I’ve been running for a little over a month now. Every Sunday with a run club and a few times during the week. My run club gives me running homework and I’m supposed to run five days a week, but I usually only run three. Or two. I like to lift weights when I go to the gym. Or take a class. Or anything but run.
So why do I do it? Because I have friends that push me. Friends that lie and say they hate running too and yet there they are running. If they can do it, I can do it. Even though I run so slowly. I’m always one of the last runners in. And my friends are there waiting for me when I finish, high-fiving me and telling me that I’m awesome and if there’s one thing I love it’s to hear that I’m awesome (even if it’s bullshit) so I keep running.
Also, since ending my Just Lose It program and taking up running I’ve lost an additional four and a half pounds. I stepped on the scale yesterday and saw my goal weight staring back at me. I immediately stepped off and stepped back on again, not trusting the number. But there it was again. I’ve lost 16 1/2 pounds in three months. Eating right, lifting weights, and running – it turns out it is possible to lose weight after the age of 45. (Who knew?)
And so I run.
Yesterday I ran four miles – four miles – and every step was tortuous.
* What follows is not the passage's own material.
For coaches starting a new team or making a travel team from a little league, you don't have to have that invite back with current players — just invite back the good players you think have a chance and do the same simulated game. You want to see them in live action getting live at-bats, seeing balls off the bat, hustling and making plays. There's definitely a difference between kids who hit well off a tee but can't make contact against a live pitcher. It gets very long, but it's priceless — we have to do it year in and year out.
I’d be lying if I said it wasn’t getting easier – it is. But it’s still hard. And terrible. I still hate every heart-pounding, joint-jarring, sweat-inducing, very unpleasant step.
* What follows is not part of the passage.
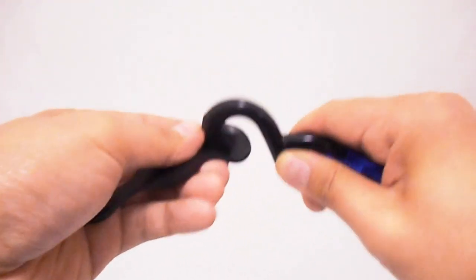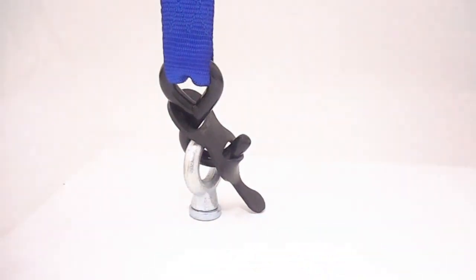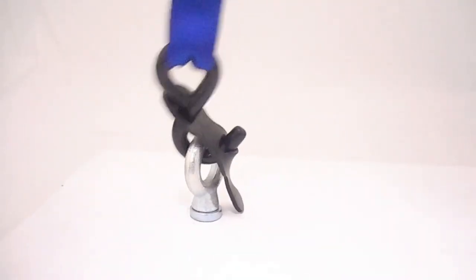Thread hook through the farther slot. Secure hook using the other slot. This will keep your hook in place while you secure your load.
I run intervals – which means you run for a certain amount of time and then you walk for a minute. I’m on the lowest interval (meaning I run for the shortest amount of time compared to the other runners in the club – the real runners, the runners who are doing a half marathon in two weeks) so I run for eight minutes and then walk for one. Or one and a half. (Or maybe sometimes two. Accidentally of course.) It’s hard to tell because this is what my watch looks like…
The second hand doesn’t really work -it kind of jumps- so it’s not a good timing watch. It’s hard to see the precise time. So it’s not really my fault if I walk a little too long. (Or run a little too short.)
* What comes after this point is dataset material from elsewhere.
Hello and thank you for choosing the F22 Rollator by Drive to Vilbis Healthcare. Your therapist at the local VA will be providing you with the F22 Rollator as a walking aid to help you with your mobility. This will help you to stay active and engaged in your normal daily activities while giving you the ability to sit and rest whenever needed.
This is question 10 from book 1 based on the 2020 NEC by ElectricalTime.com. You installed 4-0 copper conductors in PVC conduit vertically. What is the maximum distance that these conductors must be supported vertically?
Yesterday on my run -when my friends were a half mile ahead of me- a woman pushing a double jogging stroller with a toddler and a small dog seated inside turned the corner and ran alongside of me. I was keeping pace with someone pushing 50 pounds!
“She’s breathing really hard, Mommy,” the
snot-nosed adorable little girl said.
“Yes, Mommy breaths hard when she runs too,” the running mom said effortlessly. I wonder if she lies to her kid like that all the time. I guess I should be grateful. She could have been honest. She could have said, “That’s because she’s old and only pretending to be a runner.”
I mean really, what kind of lunatic takes up running at the age of 48?
I suppose one that wants to stay
thin healthy. One that wants to prove to herself that she can do something she never thought she could do. One that knows hard things are worth doing.
But that doesn’t mean I have to like it.